Five hikes to get you outside on chilly days
By Haven Walls, Reporter
When it’s dark and rainy outside and cold to the point where your fingers turn numb, you usually want to stay inside, right? I don’t blame you. Sometimes, Washington weather makes everything seem so dreary that you just want to wrap the warmest blanket around you and watch your favorite TV show or movie with a warm cup of hot chocolate. Well, I have a solution for you. Hiking. Now this solution may seem stupid, but I promise it’s not. Hiking can help with your winter lazy-spell. Once you see mountain tops and evergreens covered in snow and birds flitting from frozen tree-to-tree, you’ll understand. So, here are five hikes that may inspire you to keep going, even if the weather sucks. However, please do proper research on winter hiking safety before hiking, especially out in the mountains. Without the proper gear or planning, your nice hiking day might turn out to be a horrible hiking day.
Ueland Tree Farm Trails — Bremerton, WA
The Ueland Tree Farm is an actual tree farm still used today with two main trails. At the end of one of the trails, Dickerson Trail, there’s a small waterfall and a lookout point further up. These trails are also fairly easy with the longest trail being the path to the lookout point which is 3.3 miles one way.
Franklin Falls — Snoqualmie Pass, WA
Although it’s a bit of a pain to get to the trailhead in the winter, the icy falls at the end are worth it. It’s a longer trail, being 6.5 miles round trip with a 700-foot elevation gain. You might be thinking that it seems like a lot of work to get to Franklin Falls, so why bother? But if you look up a photo of what the falls look like in the winter, you’ll change your mind although of course no photo could compare to seeing it in real life. The hike to the falls won’t be boring either. Snoqualmie Pass in the winter is like a wonderland. Snow covers every
inch of space possible, and it’s gorgeous.

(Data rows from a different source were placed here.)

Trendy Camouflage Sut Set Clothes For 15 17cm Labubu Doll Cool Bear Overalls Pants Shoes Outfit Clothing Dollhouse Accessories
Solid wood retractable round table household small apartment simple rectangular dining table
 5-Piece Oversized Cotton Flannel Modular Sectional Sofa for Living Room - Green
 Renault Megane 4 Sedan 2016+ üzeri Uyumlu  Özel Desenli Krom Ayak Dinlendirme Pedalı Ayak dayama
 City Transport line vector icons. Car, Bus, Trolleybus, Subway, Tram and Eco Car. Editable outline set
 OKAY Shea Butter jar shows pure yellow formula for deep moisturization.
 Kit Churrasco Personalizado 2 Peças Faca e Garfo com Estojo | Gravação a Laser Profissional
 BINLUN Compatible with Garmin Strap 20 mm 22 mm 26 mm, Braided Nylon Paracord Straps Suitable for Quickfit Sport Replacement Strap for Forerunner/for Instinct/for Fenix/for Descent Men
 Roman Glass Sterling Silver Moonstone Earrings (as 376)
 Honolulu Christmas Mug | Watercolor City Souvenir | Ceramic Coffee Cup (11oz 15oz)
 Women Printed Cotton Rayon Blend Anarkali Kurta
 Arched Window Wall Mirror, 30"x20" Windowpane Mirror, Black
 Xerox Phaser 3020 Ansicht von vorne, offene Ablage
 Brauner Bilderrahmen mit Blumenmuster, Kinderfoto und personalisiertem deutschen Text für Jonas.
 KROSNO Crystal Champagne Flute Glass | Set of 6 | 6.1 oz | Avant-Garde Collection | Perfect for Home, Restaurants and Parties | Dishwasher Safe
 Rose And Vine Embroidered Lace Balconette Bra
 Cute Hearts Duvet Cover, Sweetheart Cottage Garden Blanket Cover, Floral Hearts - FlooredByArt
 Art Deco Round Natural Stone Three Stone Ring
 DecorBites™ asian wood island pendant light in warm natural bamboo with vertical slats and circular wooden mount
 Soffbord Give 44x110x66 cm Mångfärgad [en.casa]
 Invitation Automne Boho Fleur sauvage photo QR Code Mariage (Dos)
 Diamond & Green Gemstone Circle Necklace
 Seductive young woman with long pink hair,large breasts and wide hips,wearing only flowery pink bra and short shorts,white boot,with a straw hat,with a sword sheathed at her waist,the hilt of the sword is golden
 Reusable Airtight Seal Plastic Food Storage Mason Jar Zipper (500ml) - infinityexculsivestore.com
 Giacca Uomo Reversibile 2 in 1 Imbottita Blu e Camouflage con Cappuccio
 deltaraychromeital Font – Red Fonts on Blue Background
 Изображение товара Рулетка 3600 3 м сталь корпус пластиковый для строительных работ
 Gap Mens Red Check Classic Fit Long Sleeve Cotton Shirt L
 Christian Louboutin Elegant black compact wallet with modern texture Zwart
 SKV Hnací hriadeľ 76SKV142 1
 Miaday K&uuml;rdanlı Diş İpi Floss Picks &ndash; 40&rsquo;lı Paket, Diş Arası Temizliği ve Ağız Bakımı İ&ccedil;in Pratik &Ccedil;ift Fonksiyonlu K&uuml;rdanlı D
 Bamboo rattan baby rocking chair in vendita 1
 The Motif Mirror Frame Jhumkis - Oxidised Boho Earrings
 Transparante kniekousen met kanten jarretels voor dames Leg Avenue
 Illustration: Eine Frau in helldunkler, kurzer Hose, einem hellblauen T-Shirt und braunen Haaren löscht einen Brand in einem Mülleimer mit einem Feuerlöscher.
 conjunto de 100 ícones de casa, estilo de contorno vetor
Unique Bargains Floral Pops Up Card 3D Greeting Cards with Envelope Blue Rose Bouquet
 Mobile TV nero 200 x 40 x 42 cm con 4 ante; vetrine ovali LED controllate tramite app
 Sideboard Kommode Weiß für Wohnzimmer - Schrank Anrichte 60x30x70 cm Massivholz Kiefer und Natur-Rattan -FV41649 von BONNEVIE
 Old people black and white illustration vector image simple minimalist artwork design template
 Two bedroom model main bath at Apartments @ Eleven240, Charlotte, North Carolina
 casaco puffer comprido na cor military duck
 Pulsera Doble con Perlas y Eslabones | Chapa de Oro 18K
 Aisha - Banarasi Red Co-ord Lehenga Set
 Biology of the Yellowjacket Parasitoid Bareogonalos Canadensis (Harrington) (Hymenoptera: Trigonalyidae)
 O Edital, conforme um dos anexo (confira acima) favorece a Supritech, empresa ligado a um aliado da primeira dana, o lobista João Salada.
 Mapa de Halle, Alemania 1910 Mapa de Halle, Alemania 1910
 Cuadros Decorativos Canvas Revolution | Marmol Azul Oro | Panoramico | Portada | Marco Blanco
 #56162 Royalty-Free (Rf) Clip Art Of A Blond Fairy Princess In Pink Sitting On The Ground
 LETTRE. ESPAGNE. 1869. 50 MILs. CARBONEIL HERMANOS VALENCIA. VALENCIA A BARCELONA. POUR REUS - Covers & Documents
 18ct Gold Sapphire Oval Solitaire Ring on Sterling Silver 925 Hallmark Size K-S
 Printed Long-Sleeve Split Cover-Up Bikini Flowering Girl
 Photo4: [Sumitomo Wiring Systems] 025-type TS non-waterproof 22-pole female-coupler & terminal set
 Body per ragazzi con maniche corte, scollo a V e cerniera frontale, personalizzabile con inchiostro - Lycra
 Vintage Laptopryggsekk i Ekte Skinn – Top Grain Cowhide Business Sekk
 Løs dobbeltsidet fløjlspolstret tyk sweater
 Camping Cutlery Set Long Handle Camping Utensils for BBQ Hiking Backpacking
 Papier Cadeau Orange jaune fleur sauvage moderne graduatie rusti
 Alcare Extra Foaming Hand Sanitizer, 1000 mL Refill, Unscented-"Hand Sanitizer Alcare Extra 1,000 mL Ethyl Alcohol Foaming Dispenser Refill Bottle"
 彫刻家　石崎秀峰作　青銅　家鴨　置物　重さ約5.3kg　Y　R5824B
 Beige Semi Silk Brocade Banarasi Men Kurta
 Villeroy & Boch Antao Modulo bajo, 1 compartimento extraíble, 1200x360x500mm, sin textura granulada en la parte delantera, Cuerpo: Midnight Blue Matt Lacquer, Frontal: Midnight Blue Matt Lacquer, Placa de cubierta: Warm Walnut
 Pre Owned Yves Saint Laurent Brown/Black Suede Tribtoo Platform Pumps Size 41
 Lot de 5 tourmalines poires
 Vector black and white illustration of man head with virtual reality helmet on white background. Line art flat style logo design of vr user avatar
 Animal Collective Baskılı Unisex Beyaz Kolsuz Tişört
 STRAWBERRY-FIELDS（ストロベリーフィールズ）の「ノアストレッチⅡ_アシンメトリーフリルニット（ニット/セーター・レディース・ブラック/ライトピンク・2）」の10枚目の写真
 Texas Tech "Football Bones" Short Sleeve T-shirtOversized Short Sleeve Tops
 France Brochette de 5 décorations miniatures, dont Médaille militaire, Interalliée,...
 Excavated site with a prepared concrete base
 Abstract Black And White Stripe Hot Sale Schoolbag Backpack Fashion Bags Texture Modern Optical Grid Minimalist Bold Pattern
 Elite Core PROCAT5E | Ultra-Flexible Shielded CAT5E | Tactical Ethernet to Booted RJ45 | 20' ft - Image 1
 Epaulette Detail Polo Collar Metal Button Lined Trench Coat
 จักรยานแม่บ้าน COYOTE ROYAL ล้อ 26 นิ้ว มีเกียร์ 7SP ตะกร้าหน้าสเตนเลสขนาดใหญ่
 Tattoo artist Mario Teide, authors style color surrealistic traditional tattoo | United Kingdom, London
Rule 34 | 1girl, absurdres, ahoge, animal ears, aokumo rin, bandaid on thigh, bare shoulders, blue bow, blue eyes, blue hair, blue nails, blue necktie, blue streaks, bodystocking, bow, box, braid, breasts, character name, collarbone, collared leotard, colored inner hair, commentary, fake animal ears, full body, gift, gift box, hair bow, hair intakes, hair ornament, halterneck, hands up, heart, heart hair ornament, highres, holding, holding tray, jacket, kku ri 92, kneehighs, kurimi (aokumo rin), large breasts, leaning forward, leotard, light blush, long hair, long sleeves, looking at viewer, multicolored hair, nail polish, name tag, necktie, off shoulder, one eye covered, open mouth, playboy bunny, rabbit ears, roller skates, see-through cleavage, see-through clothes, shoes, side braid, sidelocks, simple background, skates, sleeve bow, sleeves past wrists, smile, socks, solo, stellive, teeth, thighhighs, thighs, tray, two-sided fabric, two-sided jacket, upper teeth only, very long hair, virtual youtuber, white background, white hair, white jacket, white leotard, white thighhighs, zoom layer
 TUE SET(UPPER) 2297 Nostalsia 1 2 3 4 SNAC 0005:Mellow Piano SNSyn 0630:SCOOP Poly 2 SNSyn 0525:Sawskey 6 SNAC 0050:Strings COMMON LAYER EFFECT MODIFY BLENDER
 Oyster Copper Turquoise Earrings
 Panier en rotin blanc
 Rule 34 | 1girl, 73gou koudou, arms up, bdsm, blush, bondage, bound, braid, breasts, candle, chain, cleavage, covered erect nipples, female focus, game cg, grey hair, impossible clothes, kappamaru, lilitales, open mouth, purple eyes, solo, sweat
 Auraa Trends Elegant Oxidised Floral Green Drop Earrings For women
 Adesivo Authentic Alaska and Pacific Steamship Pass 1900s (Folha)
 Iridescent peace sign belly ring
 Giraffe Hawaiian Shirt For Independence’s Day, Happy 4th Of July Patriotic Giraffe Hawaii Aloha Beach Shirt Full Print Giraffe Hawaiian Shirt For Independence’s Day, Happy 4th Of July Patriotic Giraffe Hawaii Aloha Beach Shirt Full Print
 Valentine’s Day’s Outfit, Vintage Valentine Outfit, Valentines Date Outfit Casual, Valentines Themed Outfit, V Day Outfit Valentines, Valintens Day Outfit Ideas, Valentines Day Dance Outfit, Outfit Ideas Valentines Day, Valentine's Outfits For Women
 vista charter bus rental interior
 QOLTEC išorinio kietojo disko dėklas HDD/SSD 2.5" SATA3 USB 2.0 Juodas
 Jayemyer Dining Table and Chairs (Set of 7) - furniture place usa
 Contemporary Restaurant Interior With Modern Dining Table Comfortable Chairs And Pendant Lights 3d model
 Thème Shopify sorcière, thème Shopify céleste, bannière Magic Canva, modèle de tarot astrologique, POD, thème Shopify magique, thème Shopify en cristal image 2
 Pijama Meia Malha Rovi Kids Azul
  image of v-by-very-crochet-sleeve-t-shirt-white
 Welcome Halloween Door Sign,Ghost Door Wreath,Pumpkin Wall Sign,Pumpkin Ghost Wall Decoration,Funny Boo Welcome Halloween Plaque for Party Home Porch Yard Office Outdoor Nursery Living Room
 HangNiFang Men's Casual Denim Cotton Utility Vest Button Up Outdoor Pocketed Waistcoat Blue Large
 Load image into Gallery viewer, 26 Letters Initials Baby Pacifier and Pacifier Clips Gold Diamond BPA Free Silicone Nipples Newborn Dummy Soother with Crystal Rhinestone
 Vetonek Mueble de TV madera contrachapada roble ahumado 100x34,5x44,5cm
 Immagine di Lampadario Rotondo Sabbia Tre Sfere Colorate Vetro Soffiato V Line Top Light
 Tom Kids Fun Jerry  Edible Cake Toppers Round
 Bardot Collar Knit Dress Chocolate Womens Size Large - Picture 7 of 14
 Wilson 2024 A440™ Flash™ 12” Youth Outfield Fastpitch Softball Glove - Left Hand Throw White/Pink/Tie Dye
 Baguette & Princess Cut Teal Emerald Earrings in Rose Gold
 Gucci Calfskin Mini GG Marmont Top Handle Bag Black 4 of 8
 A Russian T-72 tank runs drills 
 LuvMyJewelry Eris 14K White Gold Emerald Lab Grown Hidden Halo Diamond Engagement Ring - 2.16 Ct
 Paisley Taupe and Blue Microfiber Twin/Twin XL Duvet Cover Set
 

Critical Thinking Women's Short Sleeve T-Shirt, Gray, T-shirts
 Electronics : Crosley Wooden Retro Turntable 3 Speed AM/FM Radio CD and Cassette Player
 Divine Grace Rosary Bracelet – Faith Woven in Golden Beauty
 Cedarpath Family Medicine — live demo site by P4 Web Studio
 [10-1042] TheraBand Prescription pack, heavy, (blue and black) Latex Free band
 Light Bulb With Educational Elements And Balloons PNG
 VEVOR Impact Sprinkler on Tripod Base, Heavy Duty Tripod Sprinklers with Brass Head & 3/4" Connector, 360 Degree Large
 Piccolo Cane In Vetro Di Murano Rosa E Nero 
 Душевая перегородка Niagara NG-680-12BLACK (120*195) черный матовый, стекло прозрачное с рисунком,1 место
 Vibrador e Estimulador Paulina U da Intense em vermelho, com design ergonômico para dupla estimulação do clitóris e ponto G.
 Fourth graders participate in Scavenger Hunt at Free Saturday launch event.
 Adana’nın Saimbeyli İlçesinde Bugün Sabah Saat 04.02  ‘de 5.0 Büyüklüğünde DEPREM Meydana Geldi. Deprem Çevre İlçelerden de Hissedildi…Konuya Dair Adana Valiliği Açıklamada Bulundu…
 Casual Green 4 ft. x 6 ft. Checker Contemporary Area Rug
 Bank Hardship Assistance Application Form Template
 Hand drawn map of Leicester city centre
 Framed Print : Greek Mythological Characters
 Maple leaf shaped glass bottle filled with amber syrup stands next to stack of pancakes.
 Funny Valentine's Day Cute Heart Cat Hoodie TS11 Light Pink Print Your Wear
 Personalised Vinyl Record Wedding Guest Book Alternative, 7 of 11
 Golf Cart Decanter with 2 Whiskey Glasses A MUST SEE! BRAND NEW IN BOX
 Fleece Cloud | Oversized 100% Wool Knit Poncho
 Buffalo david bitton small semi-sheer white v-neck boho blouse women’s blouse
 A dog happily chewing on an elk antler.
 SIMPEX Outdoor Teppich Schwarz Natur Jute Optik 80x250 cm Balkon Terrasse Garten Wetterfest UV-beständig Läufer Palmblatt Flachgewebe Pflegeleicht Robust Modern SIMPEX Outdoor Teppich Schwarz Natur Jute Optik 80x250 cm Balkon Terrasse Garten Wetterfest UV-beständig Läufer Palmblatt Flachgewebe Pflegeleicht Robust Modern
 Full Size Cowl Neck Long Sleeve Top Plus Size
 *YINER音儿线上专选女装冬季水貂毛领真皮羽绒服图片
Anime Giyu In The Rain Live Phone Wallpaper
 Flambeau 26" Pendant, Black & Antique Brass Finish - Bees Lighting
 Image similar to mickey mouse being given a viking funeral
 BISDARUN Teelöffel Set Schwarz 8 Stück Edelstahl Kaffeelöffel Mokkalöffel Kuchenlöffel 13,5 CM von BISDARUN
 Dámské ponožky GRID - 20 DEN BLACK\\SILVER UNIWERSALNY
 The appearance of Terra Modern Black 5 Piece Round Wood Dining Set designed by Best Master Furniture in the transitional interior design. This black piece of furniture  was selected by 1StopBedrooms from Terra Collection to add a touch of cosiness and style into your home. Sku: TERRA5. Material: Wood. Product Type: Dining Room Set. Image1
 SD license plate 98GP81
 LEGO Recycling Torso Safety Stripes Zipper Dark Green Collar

Staircase Rapids — Hood Canal, WA
This trail is pretty much flat the whole way through with no elevation gain, similar to Ueland Tree Farm. A two mile round trip, this trail is beautiful with any weather. Actually, the usual gloom of Washington winters brings out the green in the trees and the rain helps the rapids flow better. There’s even a bridge! If that doesn’t excite you then I don’t know what will.
Lake Wenatchee State Park Trails — Stevens Pass, WA
Consisting of two trails that add to a total of 4 miles, Lake Wenatchee State Park is an easy hike if you’re okay with wearing snowshoes the whole time. The lake is clear and blue with mountains surrounding every inch. The snow in Stevens Pass is just like the snow in Snoqualmie Pass—magical. It does take longer to drive there because Stevens Pass is about two and a half hours away, so if you’re willing, I’d strongly suggest you visit.
Horseshoe Bend — Mount Baker, WA
About a three hour drive away, one of my favorite hikes lies in the foothills of Mt. Baker. 2.4 miles roundtrip, the trail follows the North Fork of the Nooksack River. The river is an unreal shade of blue, and the trees and moss around the river are just as bright. My advice is to go on a cloudy, foggy day because, like the Staircase Rapids, the colors pop with the gloom of the weather and the fog adds an extra sense of mystery.
I hope at least one of these hikes sparks your curiosity. Of course I am a bit biased as hiking is one of my favorite activities, but I really recommend giving it a shot. I believe it’s good for the soul to be outside. It’s where we belong.